Abstract
Chronic pain is a serious health problem that affects millions globally by
decreasing their quality of life, social activities, and hours of restful sleep. It usually
presents psychological comorbidities such as anxiety and depression, which persist in
many cases throughout life. Satisfactory treatment of chronic pain is unattainable for
the vast majority of patients and generally involves antidepressants and
anticonvulsants. Among the anticonvulsants, phenytoin has been used in pain
management since 1942, followed by the introduction of carbamazepine in the 1960s.

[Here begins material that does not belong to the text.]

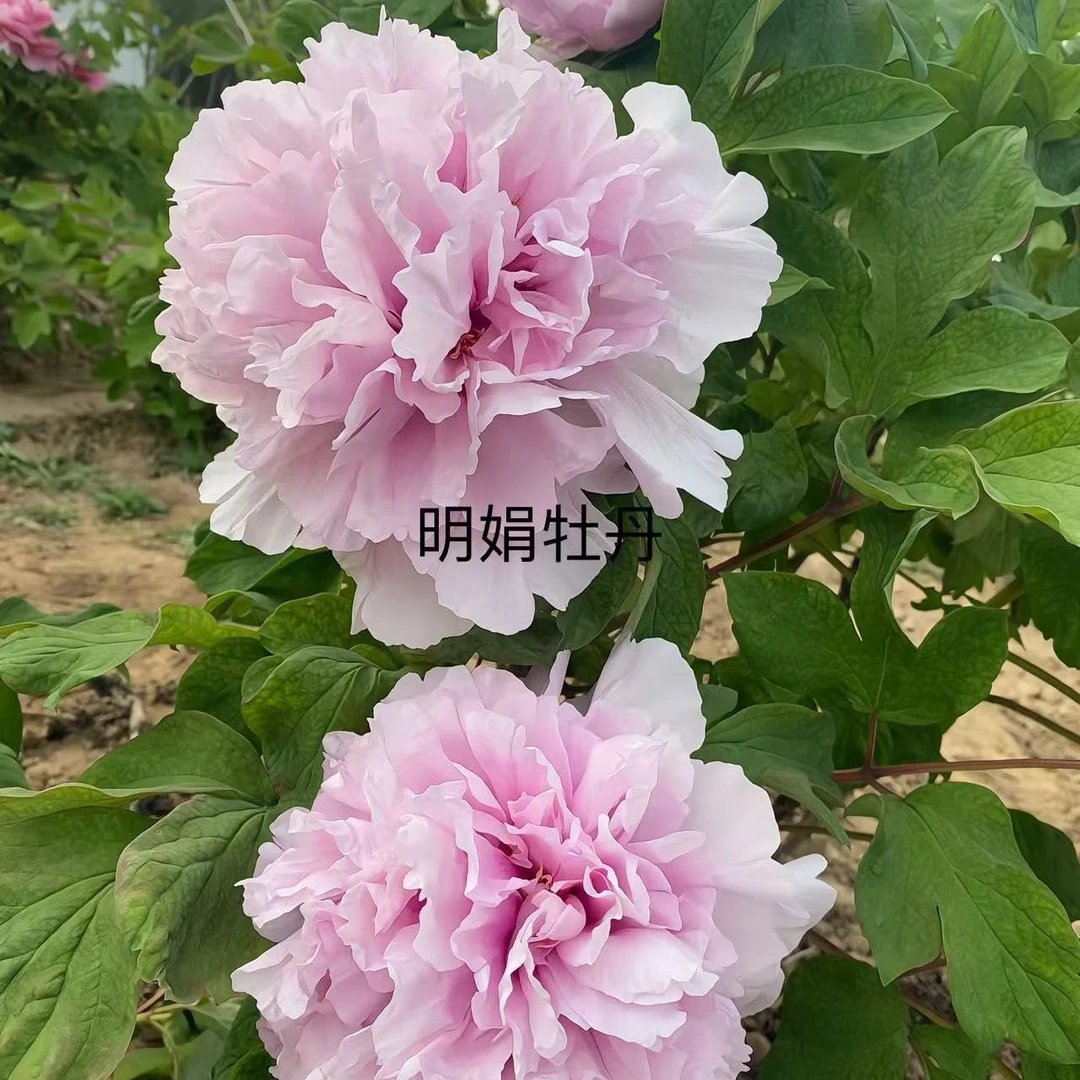 （明娟牡丹）{大瓣蓝}先发肥料 秋天发苗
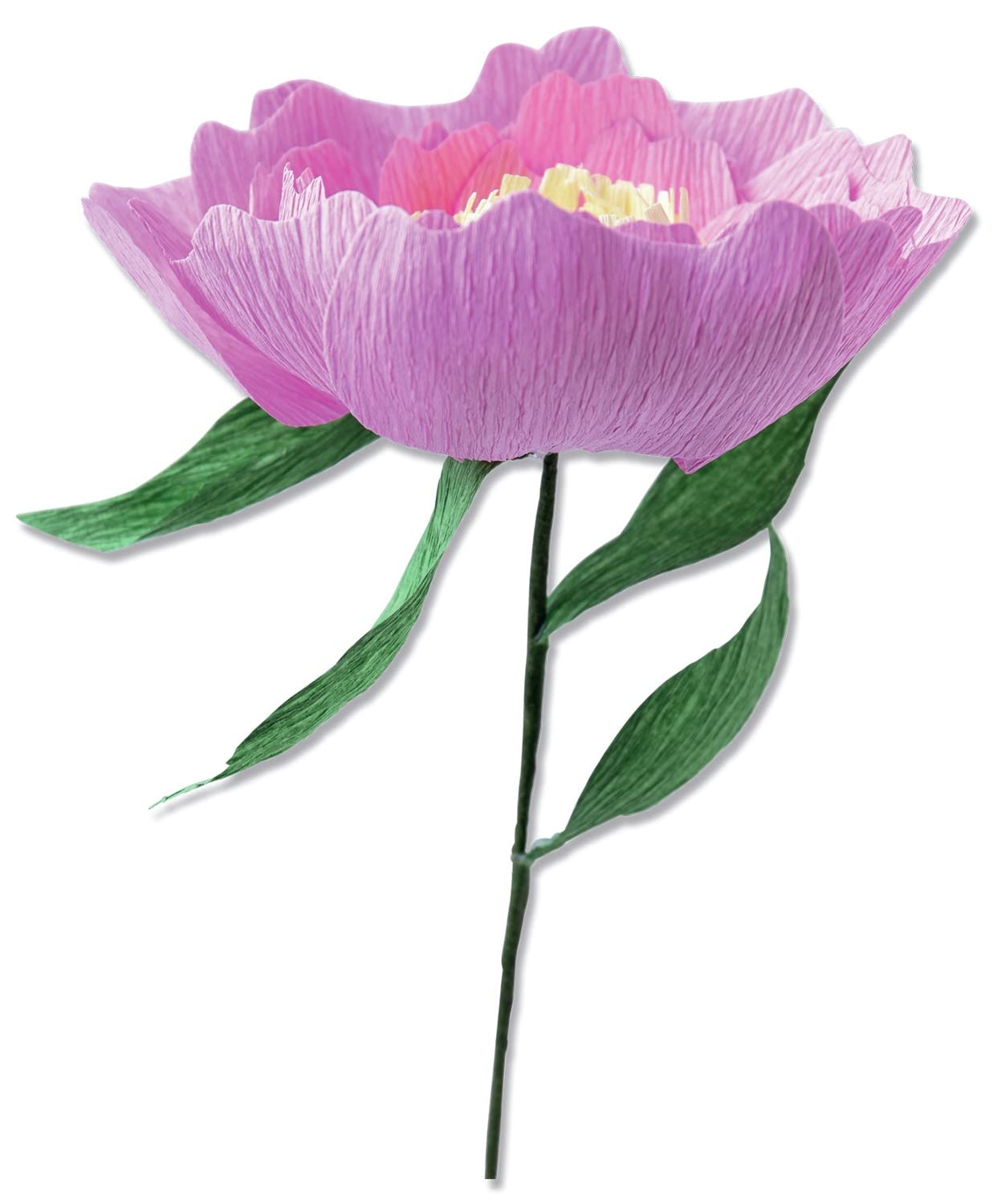 Sizzix Thinlits Flower Making Collection Die Set 5PK, Wild Peony, one Size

Gabapentinoids (i.e., gabapentin and pregabalin) have been extensively employed since
2002 in the treatment of several pain conditions and their comorbidities. Although
pregabalin seems to have a better pharmacokinetic profile, gabapentin shows a superior
therapeutic effect in some types of chronic pain. The analgesic potential of both is still
being evaluated in clinical trials due to the need to develop more effective and safer
medications for the interruption of treatment. The most common side effects are loss of
coordination and drowsiness. Furthermore, T-channel blocking anticonvulsants were
recently developed, but their efficacy seems to be inferior to gabapentinoids for chronic
pain management. In addition to new strategies, some studies have suggested that the
use of phenytoin in the treatment of trigeminal neuralgia should be reevaluated, as its
topical use has been shown to diminish polyneuropathy and sciatic pain. This chapter
will review the current application and efficacy of anticonvulsants in chronic pain
management and will address new applications and drugs in advanced stages of
development.
Keywords: Calcium channels, Carbamazepine, Flupirtine, GABA, Gabapentin, Glutamate, Neuropathic pain, Oxcarbazepine, Potassium channels, Pregabalin, Retigabine, Sodium channels, Topiramate, Valproatess.